“Era uno de los escritores que mejor conocía Madrid y algunas de sus novelas dan cuenta de ello, con detalles prodigiosos de observación”.
Javier Marías era tan discreto que se las arregló para morir en medio de la muerte real de la reina de Inglaterra, pensando tal vez que la noticia aparecería desapercibida en medio de la trompetería televisiva y periodística sobre la muerte de Isabel II. En esto se equivocaba, porque rara vez he visto yo tantos artículos sobre la muerte de una persona, como sobre la suya, en la prensa de España.
Era querido y admirado por doquier, y cuando pedía la palabra en la Academia Española –se sentaba en una esquina, que ahora quedará vacía hasta que elijamos a quien lo sucederá– los académicos solían escucharlo en un silencio muy estricto. Hablaba con precisión y elegancia, a diferencia de las notas de actualidad que escribía y en las que, a veces, por exageración con algún asunto que lo tocaba de cerca, solía propasarse.
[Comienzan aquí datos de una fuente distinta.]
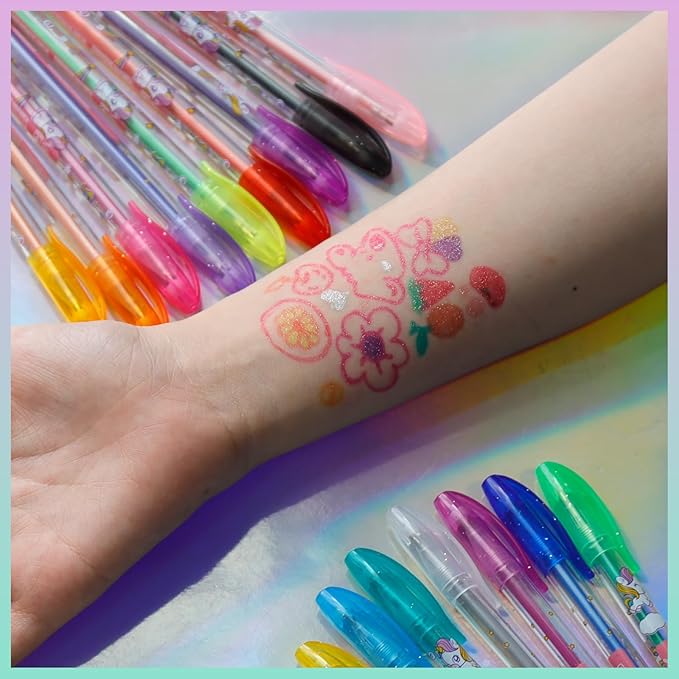 Townley Girl Unicorn 16 Piece Glitter Pen Body Art Set, Unicorn Themed, Glittery and Bright Colors, Ages 3+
Pero acaso él estaba más orgulloso que de las excelentes novelas que escribía, de Reino de Redonda que había creado motu proprio y que me explicó, detalladamente, en un viaje que hicimos juntos a Santander, hace mil años. Todo lo había fabricado él mismo: los cargos, las designaciones, los títulos, en función de los trabajos de cada cual. Reino de Redonda, era, por lo demás, la editorial más desguarnecida de España, porque solo dos personas, él en Madrid y una ayudanta en Barcelona, se ocupaban de ella. Y, sin embargo, el medio centenar de libros que publicó en toda su existencia son, todos ellos, de excelente calidad y leídos por una élite de lectores.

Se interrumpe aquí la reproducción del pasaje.